Por trás desse constrangimento vinha a ideia de que ser vegano passou a ser coisa de gente racista, e que isso não era para pessoas negras. Isso vinha me causando um desgosto muito profundo, porque sempre lutei contra a quebra de grilhões. Fossem eles os da escravidão histórica, do trabalho escravo que ainda persiste no nosso país e no mundo, do encarceramento penal, e por isso era mais do que coerente para mim ser contra acorrentar animais em qualquer situação.

Sempre me senti bem com essa ideia, pois sinto que essas se interligam pelo fim da violência e do não reconhecimento do outro e seus direitos. Para mim, a consciência negra que adquiri e a consciência vegana se fortaleciam mutuamente, num processo de busca de expansão da minha consciência como habitante desse planeta terra que divido com tantos outros seres semelhantes e diversos de mim.

Mas a realidade não é essa que está na minha mente. O movimento vegano continua sendo elitista, praticando racismo e outras formas de violência também, e o mês continua sendo novembro, o Mês da Consciência Negra. E é no mês dessa consciência que quero pensar a partir de um viés racial. O que me inspirou a escrever esse texto foi a notícia vibrante de que um refugiado do Congo abriu um restaurante vegano de comidas tipicamente congolesas.

Isso abriu na minha mente um portal de reconexão com os nossos costumes africanos estilhaçados na diáspora. Fiquei também me lembrando das falas de Angela Davis, que vi pessoalmente em Brasília, e que vejo nas gravações na internet, chamando seu público a tímidas reflexões a respeito, e nesse outro vídeo, falando explicitamente de sua escolha vegana.

Ouço os discos dos pan-africanistas do Dead Prez e suas letras sobre antirracismo, anti-especismo e anticapitalismo de forma extremamente articulada, assim como vibrei quando a vi a entrevista de Ellen Oléria no Programa do Jô, falando de sua decisão de se tornar vegana logo após a final do The Voice. Recentemente ela deu uma entrevista extremamente simples e profunda ao canal Empoderadas, e o veganismo era apenas um dos diversos temas importantes dos quais ela tratou, e todos eles fluíam como assuntos de importância para uma mulher negra e artista como ela.

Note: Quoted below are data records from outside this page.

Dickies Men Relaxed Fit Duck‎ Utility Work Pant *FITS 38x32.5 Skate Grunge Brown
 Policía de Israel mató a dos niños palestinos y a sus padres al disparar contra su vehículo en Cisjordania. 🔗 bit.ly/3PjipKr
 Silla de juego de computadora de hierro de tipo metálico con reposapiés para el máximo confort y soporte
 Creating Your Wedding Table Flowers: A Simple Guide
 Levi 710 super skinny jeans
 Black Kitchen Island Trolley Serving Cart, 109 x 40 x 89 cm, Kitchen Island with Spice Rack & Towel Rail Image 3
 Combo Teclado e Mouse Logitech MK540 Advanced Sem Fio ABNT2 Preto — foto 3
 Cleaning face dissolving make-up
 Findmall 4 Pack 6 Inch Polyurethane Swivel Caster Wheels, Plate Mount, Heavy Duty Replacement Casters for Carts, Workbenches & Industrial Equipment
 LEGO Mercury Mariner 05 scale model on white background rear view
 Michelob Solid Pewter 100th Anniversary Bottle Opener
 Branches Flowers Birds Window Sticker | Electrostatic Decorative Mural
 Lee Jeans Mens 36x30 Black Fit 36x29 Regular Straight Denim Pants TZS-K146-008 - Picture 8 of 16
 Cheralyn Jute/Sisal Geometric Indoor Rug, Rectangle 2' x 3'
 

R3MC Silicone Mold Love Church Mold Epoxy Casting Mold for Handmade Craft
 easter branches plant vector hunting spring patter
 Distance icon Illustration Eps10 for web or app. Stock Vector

E o meu mentor, que não é um acadêmico, mas sim o DJ KL Jay, dos Racionais MC’s, que me inspira todos os dias com seu lema “ Estamos Vivos! ”, também é vegano. Nessa entrevista aqui ele fala um pouco mais sobre isso.

Ao longo de mais de uma década nessa tentativa de praticar o respeito, a empatia e a compaixão com quem está ao meu redor, sejam pessoas em sua diversidade, ou sejam animais em sua diversidade, independente do ismo que isso seja chamado, o que eu percebi é que, assim como nossos problemas estão interligados, a solução para eles também está. Ou nas palavras da escritora Alice Walker, em uma entrevista para a Vegetarian Times, ainda em 1989: "Os animais do mundo existem para seus próprios propósitos. Não foram feitos para os seres humanos, do mesmo modo que os negros não foram feitos para os brancos, nem as mulheres para os homens".

Imagem: Capa do livro “Sistah Vegan: Black Female Vegans Speak On Food, Identity, Health, and Society”. A autora, Breeze Harper, é uma feminista negra norteamericana, também organizadora da conferência “The Vegan Praxis of Black Lives Matters”, realizada em 2015, entre outros projetos.